Records supplied —
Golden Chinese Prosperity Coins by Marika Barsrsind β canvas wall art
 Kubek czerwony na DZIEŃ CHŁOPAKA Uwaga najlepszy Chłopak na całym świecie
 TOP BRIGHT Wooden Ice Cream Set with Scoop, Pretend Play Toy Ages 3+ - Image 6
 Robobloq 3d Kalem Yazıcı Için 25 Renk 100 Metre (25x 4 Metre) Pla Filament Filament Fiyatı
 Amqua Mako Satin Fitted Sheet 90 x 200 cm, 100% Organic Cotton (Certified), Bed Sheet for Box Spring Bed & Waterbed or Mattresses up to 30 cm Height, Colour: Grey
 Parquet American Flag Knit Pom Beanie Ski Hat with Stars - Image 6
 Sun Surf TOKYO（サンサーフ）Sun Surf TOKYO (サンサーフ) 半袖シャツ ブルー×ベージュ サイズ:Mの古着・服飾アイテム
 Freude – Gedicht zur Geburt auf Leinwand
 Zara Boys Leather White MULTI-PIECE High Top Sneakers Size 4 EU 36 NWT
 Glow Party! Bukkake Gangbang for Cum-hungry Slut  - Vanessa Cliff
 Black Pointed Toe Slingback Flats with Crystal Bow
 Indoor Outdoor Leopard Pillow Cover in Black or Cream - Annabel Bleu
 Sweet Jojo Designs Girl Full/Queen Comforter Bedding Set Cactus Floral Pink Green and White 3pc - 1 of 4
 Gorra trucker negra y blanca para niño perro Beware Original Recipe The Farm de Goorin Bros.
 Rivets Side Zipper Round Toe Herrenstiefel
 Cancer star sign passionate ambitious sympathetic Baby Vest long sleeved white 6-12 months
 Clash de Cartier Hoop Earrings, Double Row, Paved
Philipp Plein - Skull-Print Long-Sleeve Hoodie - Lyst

Aim of the exercise —
Using the material above, reproduce exactly the line that contains "Sweet Jojo Designs" and all lines after it through the last one, and only those.

Output —
 Sweet Jojo Designs Girl Full/Queen Comforter Bedding Set Cactus Floral Pink Green and White 3pc - 1 of 4
 Gorra trucker negra y blanca para niño perro Beware Original Recipe The Farm de Goorin Bros.
 Rivets Side Zipper Round Toe Herrenstiefel
 Cancer star sign passionate ambitious sympathetic Baby Vest long sleeved white 6-12 months
 Clash de Cartier Hoop Earrings, Double Row, Paved
Philipp Plein - Skull-Print Long-Sleeve Hoodie - Lyst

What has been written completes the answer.